Hybridization of tumor homing and mitochondria-targeting peptide domains to design novel dual-imaging self-assembled peptide nanoparticles for theranostic applications.

作者信息

Rizvi Syed Faheem Askari, Shahid Samiah, Mu Shuai, Zhang Haixia

机构信息

College of Chemistry and Chemical Engineering, Gansu Province, Lanzhou University, Lanzhou-730000, People's Republic of China.

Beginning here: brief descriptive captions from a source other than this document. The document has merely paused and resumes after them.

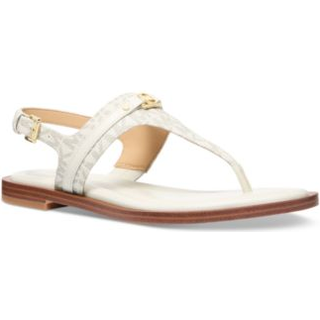 MK Mandy Signature Logo T-Strap Sandal - Natural - Michael Kors - EU 35.5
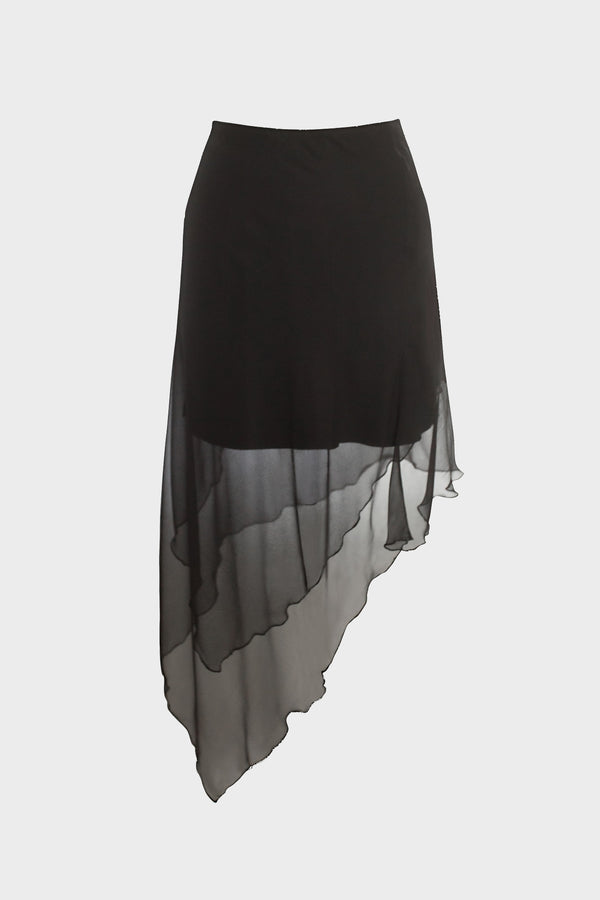 Silk Skirt Black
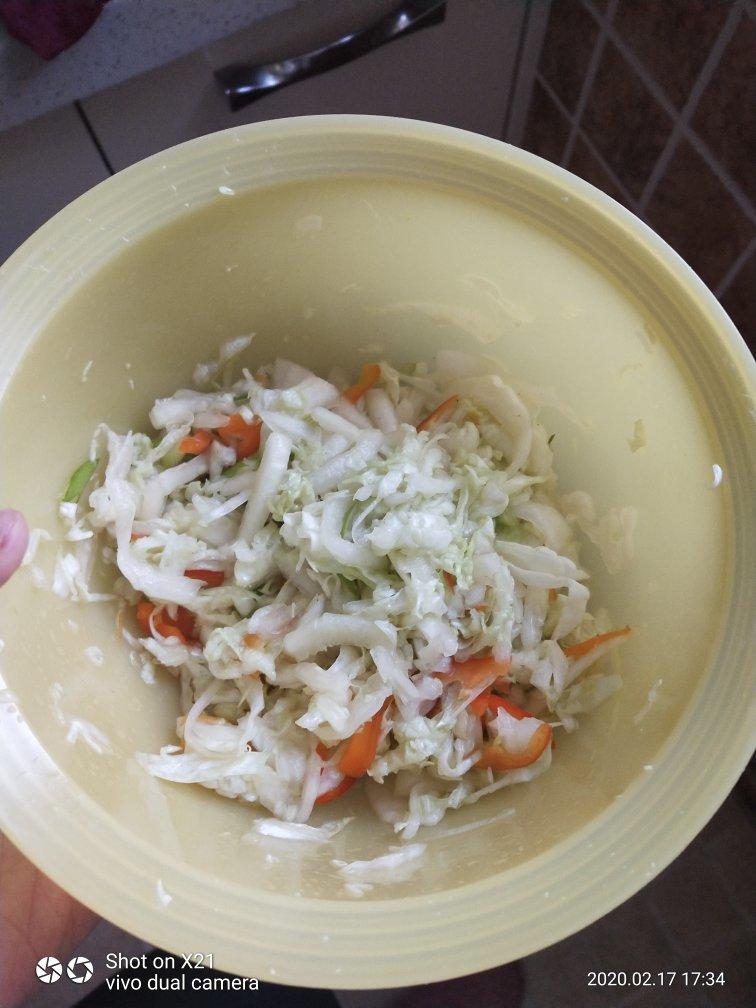 凉调白菜丝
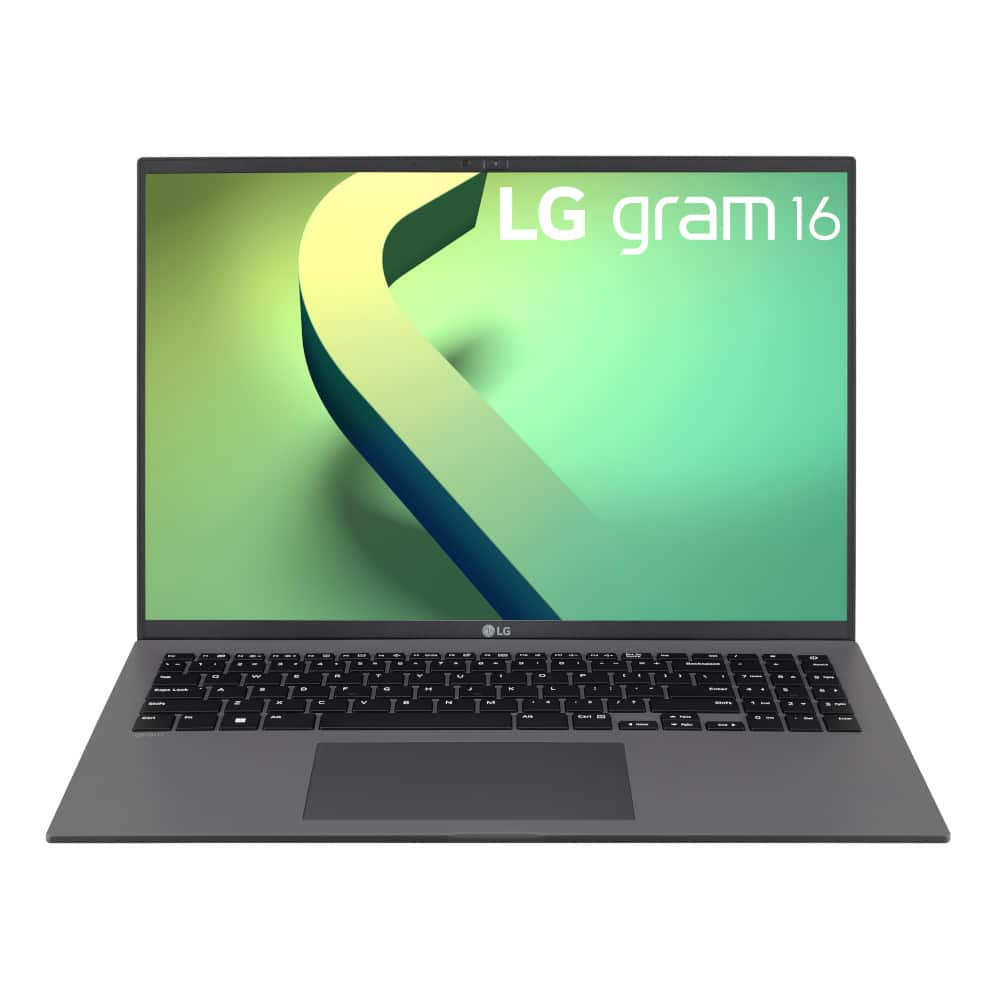 LG gram Lightweight Laptop: 16" 2560x1600, i5-1240P, 16GB LPDDR5, 512GB SSD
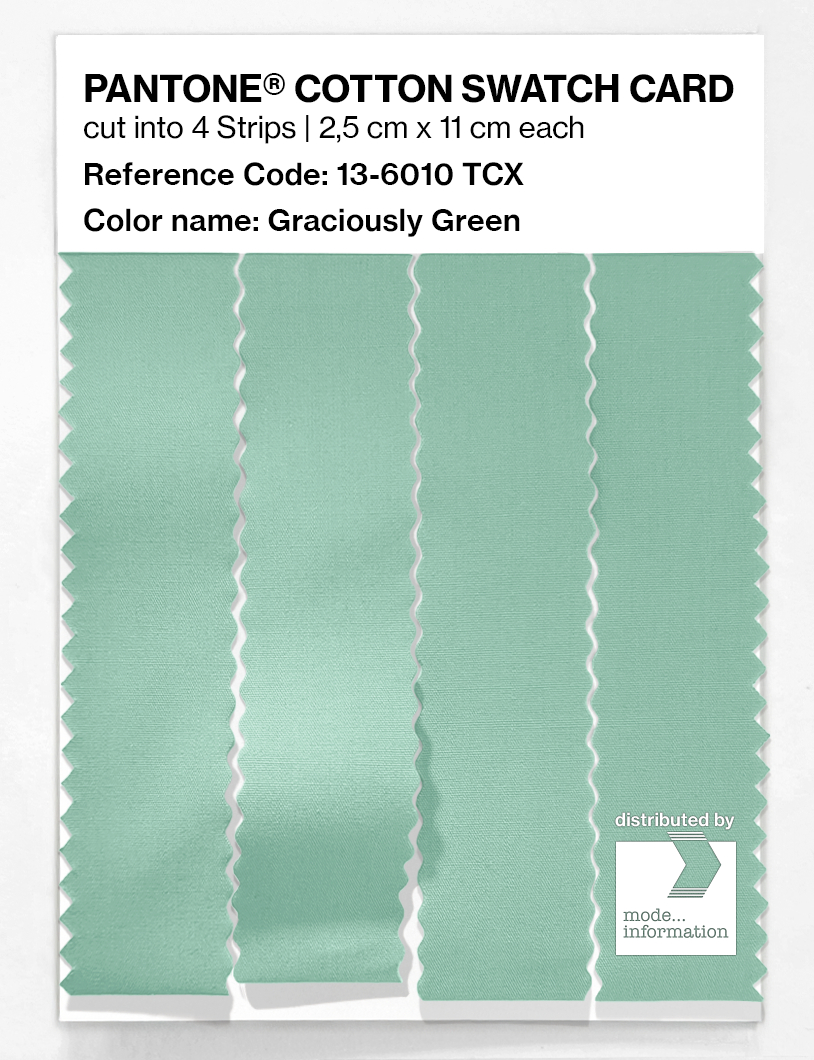 Product image 3 of the product “PANTONE® COTTON SWATCH CARD 13-6010 TCX Graciously Green ”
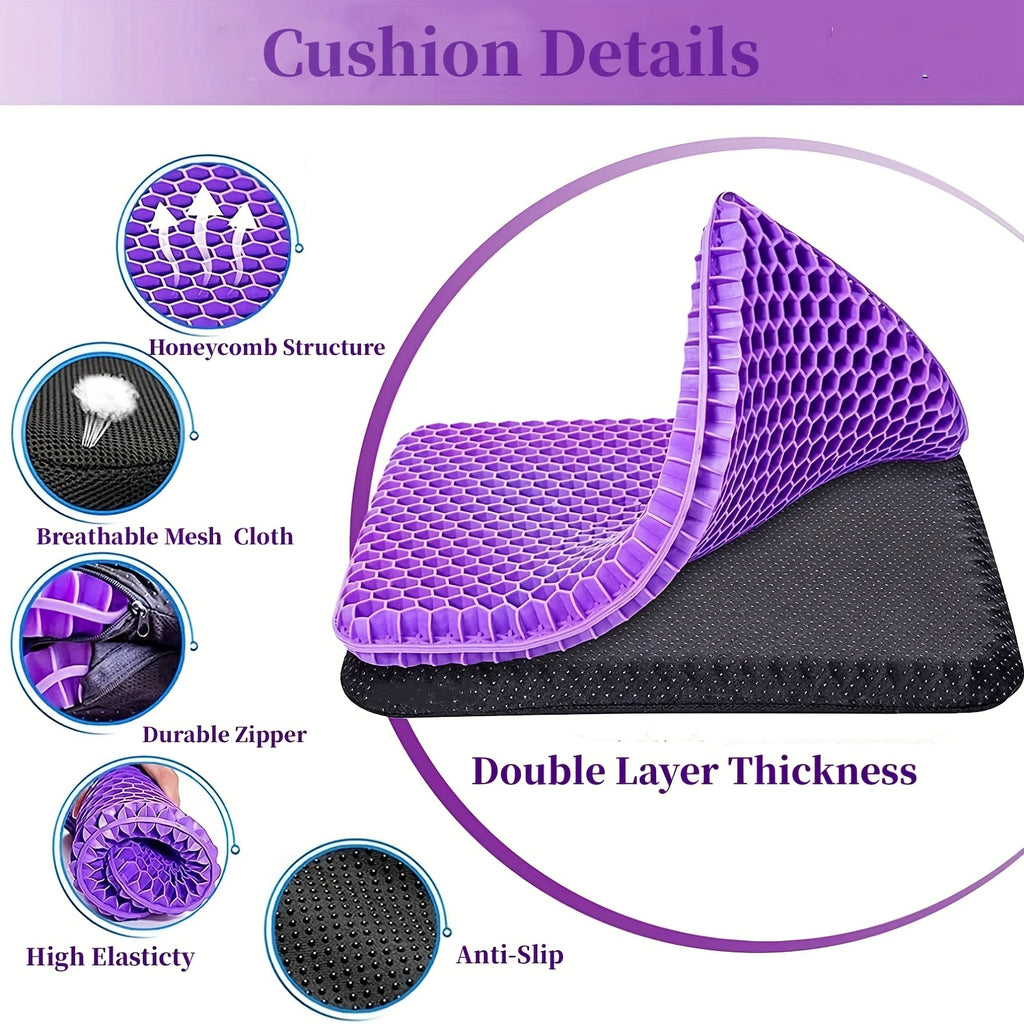 Office Chair with Non-Slip, Gel Seat Cushion Double Thick Honeycomb - product gallery image 2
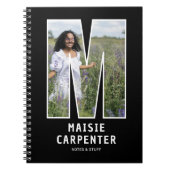 Personalisiertes Foto-Monogramm-Notizbuch Notizblock (Vorderseite)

Institute of Molecular Biology and Biotechnology (IMBB), The University of Lahore, Lahore-54000, Punjab, Pakistan.

出版信息

Drug Deliv Transl Res. 2022 Jul;12(7):1774-1785. doi: 10.1007/s13346-021-01066-6. Epub 2021 Sep 17.

Abstract

A novel hybridized dual-targeting peptide-based nanoprobe was successfully designed by using the cyclic heptapeptide. This peptide has Arg-Gly-Asp-Lys-Leu-Ala-Lys sequence, in which the RGD homing motif and KALK mitochondria-targeting motif were linked via amide bond. The designed peptide probe was further modified through covalent linkage to induce dual-imaging functionality, and self-assembled to form spherical nanoparticles. The novel Cy5.5-SAPD-Tc nanoparticles were tested for in vitro cytotoxicity, cellular uptake, and apoptosis-inducing functionalities. The cellular internalization, enhanced cytotoxicity and selective receptor binding capabilities against U87MG cells, excellent dual-imaging potential, improved apoptosis-inducing feature by damaging mitochondria, and in vivo preclinical investigations suggested that our newly designed novel hybridized peptide-based dual-imaging nanoparticles may serve as an admirable theranostic probe to treat brain tumor glioblastoma multiforme. This study describes the development of dual-targeting self-assembled peptide nanoparticles followed by modifications using NIRF dye and radiolabeled with Tc for dual-imaging and enhanced therapeutic efficacy against brain tumor.

摘要

通过使用环七肽成功设计了一种新型的基于双靶向肽的纳米探针。该肽具有Arg-Gly-Asp-Lys-Leu-Ala-Lys序列,其中RGD归巢基序和KALK线粒体靶向基序通过酰胺键相连。设计的肽探针通过共价连接进一步修饰以诱导双成像功能,并自组装形成球形纳米颗粒。对新型Cy5.5-SAPD-Tc纳米颗粒进行了体外细胞毒性、细胞摄取和诱导凋亡功能的测试。细胞内化、增强的细胞毒性和对U87MG细胞的选择性受体结合能力、出色的双成像潜力、通过损伤线粒体改善的诱导凋亡特性以及体内临床前研究表明,我们新设计的基于新型杂交肽的双成像纳米颗粒可能作为一种令人钦佩的治疗诊断探针来治疗多形性胶质母细胞瘤。本研究描述了双靶向自组装肽纳米颗粒的开发,随后使用近红外荧光染料进行修饰并用Tc进行放射性标记,用于双成像并增强对脑肿瘤的治疗效果。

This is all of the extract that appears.